D = decomposeMoietyVectors(L, N);
Note that you can use any Mixed Integer Linear Programme (MILP) solver that is supported by the COBRA toolbox. The decomposed moiety matrix D is identical to the original moiety matrix computed in Part 1. Moiety vectors D(:,4) and D(:,5) are the linearly independent components of the composite moiety vector L(:,4) above.
full(D(:,[4 5])')
ans =
0 0 1 0 0 1 0 0 0 0
0 0 1 1 0 0 2 2 0 0
One disadvantage of decomposing moiety vectors is that it is difficult to keep track of which atoms belong to the decomposed moieties. We can, however, estimate the chemical formulas of the decomposed moieties using the elemental matrix for DAS. The elemental matrix is a numerical representation of the chemical formulas of metabolites in DAS.
[E,elements] = constructElementalMatrix(alternativeModel.metFormulas,...
alternativeModel.metCharges);
decomposedMoietyFormulas = estimateMoietyFormulas(D, E, elements);
decomposedMoietyFormulas([4 5])'
i.e., each decomposed moiety contains an oxygen atom.
References
- Haraldsdóttir, H.S., Thiele, I., Fleming, R.M. Comparative evaluation of open source software for mapping between metabolite identifiers in metabolic network reconstructions: application to Recon 2. J. Cheminform 6(1), 2 (2014).
- Elizabeth Brunk, et al. Recon 3D: A Three-Dimensional View of Human Metabolism and Disease. Submited
- Rahman, S.A., et al. Reaction Decoder Tool (RDT): extracting features from chemical reactions. Bioinformatics 32(13), 2065–2066 (2016).

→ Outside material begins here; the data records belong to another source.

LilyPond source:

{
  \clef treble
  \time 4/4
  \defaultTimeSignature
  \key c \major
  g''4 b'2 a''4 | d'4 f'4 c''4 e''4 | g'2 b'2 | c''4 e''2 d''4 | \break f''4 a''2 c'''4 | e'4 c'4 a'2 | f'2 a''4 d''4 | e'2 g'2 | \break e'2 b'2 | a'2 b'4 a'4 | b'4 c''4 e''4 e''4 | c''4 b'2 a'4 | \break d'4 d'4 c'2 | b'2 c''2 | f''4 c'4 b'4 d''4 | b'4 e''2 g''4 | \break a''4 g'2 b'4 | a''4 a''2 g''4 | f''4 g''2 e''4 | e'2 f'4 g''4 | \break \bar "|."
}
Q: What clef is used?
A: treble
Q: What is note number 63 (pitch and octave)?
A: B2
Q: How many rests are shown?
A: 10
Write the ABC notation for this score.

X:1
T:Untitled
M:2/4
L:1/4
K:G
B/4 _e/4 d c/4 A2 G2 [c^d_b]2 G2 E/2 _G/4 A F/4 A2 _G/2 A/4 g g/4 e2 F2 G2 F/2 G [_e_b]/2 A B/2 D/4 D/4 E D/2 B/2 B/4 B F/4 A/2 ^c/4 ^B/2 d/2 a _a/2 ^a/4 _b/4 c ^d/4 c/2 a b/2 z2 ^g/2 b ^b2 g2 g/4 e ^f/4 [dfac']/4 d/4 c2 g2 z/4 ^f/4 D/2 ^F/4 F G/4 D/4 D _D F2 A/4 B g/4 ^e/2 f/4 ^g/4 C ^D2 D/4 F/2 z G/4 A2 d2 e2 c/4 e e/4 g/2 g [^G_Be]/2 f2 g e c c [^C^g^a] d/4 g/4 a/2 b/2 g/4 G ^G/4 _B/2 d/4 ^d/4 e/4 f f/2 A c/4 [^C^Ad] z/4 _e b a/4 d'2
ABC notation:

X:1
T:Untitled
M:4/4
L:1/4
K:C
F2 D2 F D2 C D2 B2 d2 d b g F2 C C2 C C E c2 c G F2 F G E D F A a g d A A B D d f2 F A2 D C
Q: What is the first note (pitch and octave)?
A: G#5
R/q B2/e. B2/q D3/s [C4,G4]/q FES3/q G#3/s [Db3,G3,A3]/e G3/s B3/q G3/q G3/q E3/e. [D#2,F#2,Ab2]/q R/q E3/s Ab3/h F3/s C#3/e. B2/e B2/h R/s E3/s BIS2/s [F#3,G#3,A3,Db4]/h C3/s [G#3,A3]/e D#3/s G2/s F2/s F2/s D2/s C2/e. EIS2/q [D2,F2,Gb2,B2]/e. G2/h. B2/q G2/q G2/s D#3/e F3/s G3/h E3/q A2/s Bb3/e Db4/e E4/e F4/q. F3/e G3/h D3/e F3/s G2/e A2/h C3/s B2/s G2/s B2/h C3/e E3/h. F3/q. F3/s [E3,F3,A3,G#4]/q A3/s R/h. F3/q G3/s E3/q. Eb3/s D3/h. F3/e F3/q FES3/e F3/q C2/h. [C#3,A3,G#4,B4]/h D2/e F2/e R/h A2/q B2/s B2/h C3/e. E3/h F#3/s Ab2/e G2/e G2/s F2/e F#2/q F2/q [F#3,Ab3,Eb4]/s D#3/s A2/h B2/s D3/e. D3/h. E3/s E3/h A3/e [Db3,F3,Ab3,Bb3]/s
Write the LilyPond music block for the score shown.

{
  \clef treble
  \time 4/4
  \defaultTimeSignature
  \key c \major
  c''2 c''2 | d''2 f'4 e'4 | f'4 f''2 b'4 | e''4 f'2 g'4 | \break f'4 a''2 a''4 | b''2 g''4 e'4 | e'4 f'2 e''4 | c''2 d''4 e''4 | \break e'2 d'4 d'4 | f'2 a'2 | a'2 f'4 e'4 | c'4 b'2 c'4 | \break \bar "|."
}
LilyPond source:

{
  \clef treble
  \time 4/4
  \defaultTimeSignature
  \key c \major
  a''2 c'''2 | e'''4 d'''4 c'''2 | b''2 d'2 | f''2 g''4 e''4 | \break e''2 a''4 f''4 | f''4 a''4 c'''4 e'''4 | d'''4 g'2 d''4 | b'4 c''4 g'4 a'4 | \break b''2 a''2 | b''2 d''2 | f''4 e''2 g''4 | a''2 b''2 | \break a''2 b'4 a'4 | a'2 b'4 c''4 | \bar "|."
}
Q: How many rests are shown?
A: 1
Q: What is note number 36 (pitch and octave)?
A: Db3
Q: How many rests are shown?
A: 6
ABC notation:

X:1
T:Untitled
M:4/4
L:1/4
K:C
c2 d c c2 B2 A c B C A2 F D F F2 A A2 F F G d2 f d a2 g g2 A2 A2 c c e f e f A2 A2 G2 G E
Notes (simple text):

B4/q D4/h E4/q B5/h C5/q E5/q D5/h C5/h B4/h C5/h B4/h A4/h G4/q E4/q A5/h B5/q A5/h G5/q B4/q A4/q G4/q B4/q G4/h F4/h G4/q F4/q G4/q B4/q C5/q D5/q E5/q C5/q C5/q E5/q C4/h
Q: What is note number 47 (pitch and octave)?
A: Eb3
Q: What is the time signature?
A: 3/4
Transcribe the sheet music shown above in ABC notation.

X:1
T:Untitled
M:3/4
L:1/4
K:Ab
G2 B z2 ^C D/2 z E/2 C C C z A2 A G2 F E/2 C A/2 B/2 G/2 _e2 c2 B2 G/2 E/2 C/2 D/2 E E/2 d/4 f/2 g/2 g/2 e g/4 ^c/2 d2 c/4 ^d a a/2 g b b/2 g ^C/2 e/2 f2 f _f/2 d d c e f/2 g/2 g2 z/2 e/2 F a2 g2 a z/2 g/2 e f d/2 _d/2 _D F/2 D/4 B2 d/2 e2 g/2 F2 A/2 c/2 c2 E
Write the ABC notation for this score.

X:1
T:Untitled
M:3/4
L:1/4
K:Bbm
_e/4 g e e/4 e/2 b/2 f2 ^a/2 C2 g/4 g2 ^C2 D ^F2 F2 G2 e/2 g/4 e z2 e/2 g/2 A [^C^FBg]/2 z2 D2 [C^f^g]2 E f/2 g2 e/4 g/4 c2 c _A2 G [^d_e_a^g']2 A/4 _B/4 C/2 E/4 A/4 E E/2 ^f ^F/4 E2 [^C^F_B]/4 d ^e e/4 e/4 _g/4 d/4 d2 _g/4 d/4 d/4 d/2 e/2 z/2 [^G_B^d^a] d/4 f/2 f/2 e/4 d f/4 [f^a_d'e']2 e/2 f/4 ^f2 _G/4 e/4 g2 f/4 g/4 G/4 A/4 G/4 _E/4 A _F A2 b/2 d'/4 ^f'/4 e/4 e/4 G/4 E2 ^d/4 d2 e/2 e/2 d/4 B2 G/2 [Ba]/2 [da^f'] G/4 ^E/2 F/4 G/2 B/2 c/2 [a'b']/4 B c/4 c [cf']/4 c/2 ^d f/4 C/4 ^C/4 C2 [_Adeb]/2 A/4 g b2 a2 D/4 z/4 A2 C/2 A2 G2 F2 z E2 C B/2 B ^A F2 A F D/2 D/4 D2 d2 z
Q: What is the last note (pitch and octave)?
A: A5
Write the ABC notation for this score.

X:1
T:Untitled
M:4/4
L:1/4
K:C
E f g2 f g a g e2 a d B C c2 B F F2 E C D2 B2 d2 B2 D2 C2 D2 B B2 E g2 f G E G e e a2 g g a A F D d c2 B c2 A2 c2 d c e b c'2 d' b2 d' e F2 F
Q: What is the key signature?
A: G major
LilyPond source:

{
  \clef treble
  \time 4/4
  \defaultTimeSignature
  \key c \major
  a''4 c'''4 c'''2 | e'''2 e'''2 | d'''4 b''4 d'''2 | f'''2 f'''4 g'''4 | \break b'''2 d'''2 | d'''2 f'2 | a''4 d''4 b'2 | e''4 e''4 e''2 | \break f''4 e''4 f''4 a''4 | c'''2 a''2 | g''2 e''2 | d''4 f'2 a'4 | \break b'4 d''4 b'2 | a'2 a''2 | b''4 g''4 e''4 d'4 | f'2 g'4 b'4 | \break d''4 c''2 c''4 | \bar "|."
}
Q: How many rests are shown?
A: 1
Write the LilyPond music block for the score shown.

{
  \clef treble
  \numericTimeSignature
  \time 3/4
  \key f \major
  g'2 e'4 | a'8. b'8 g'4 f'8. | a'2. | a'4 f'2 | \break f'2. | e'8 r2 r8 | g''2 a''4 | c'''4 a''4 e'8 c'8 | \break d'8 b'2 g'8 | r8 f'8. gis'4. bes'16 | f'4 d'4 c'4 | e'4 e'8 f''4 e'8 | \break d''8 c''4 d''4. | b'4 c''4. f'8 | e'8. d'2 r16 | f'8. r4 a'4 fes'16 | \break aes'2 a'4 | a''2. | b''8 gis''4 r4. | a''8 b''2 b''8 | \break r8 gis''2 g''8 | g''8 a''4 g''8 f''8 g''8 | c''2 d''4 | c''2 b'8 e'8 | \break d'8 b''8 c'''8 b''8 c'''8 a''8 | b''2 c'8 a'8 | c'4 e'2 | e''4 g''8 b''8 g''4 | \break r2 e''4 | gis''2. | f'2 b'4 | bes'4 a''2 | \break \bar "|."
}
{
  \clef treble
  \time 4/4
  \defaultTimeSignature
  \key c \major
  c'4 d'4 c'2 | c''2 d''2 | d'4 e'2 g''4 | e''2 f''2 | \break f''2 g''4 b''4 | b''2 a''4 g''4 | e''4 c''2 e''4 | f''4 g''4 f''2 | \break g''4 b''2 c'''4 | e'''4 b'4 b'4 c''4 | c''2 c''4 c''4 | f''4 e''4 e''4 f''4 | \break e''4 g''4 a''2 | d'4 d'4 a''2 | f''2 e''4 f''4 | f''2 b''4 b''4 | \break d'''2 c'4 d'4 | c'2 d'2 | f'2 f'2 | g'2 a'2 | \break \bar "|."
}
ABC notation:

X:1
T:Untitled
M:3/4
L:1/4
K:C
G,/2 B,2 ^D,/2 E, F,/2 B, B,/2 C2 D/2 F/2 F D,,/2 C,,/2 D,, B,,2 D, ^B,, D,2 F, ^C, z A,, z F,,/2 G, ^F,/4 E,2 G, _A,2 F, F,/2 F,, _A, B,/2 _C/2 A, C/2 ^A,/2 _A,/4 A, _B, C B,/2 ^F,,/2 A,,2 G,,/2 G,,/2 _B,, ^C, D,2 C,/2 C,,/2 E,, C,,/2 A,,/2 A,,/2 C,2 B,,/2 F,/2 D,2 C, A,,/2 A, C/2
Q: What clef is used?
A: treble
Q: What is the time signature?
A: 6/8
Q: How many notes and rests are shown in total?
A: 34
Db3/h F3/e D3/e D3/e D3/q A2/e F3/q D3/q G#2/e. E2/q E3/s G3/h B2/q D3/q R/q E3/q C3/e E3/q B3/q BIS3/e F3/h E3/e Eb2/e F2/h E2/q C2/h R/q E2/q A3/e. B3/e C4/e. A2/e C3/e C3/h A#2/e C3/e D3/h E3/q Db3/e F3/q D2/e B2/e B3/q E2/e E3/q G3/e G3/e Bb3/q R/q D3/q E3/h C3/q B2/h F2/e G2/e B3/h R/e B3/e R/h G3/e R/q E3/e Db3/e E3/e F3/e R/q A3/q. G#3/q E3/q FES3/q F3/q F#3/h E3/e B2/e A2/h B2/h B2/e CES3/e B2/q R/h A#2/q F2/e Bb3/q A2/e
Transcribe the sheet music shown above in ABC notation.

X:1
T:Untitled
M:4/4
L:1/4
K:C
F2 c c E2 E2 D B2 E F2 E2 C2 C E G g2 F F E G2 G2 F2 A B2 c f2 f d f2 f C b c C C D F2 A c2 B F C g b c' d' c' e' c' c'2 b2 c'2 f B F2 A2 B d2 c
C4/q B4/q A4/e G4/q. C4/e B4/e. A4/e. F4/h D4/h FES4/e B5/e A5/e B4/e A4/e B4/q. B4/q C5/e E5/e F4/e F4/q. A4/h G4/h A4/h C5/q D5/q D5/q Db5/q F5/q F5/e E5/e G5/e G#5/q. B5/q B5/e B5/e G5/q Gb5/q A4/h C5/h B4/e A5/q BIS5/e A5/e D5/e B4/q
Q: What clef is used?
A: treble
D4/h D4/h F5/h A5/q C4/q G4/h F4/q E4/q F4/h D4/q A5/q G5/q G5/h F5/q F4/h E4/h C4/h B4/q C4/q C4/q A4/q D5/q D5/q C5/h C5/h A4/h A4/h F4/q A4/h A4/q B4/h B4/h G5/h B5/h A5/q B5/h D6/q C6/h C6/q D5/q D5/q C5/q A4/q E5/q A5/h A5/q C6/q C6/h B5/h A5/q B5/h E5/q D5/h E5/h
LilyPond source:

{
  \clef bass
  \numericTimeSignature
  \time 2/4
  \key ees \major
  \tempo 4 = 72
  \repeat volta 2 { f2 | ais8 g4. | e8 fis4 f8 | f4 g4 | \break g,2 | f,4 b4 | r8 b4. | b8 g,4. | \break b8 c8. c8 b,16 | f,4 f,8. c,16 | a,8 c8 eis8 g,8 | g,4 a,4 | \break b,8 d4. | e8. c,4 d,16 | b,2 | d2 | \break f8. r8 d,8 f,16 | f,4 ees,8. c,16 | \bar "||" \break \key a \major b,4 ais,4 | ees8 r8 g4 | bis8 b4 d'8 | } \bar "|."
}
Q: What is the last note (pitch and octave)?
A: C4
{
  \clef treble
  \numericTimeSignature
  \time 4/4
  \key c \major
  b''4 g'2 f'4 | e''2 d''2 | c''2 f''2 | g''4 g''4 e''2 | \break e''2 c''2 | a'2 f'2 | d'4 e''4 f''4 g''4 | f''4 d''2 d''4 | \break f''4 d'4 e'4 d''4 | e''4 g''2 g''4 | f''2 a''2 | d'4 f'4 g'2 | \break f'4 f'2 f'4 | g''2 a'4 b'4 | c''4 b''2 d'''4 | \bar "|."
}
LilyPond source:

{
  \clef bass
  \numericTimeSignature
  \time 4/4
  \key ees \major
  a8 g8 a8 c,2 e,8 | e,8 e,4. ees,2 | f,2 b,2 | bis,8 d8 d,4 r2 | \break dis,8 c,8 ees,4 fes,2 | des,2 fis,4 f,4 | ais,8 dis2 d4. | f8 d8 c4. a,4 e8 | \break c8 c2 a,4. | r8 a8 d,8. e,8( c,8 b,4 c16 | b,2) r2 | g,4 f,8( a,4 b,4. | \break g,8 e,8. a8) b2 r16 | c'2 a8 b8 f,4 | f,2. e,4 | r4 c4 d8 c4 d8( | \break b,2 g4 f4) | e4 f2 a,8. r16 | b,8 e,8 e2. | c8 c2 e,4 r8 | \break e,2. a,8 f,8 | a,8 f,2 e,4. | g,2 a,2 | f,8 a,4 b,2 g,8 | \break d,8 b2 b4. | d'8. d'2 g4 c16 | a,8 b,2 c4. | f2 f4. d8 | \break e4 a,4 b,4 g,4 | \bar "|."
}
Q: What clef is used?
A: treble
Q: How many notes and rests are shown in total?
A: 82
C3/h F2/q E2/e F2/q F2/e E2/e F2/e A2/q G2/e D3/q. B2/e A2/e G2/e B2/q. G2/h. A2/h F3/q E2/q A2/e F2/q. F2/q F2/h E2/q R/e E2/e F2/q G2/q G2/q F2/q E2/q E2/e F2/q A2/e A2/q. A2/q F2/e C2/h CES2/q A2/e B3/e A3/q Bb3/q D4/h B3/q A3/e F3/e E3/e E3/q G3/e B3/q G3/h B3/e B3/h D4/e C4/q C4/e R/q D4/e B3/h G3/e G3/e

- Preciat et al. Comparative evaluation of atom mapping algorithms for balanced metabolic reactions: application to Recon 3D. J Cheminform, 9: 39 (2017).
- Hulda S. Haraldsdóttir and Ronan M. T. Fleming. Identification of conserved moieties in metabolic networks by graph theoretical analysis of atom transition networks. PLOS Comput. Biol, 12(11) (2016).
- Iman Famili and B. Ø. Palsson. The convex basis of the left null space of the stoichiometric matrix leads to the definition of metabolically meaningful pools. Biophys. J, 85(1):16–26 (2003).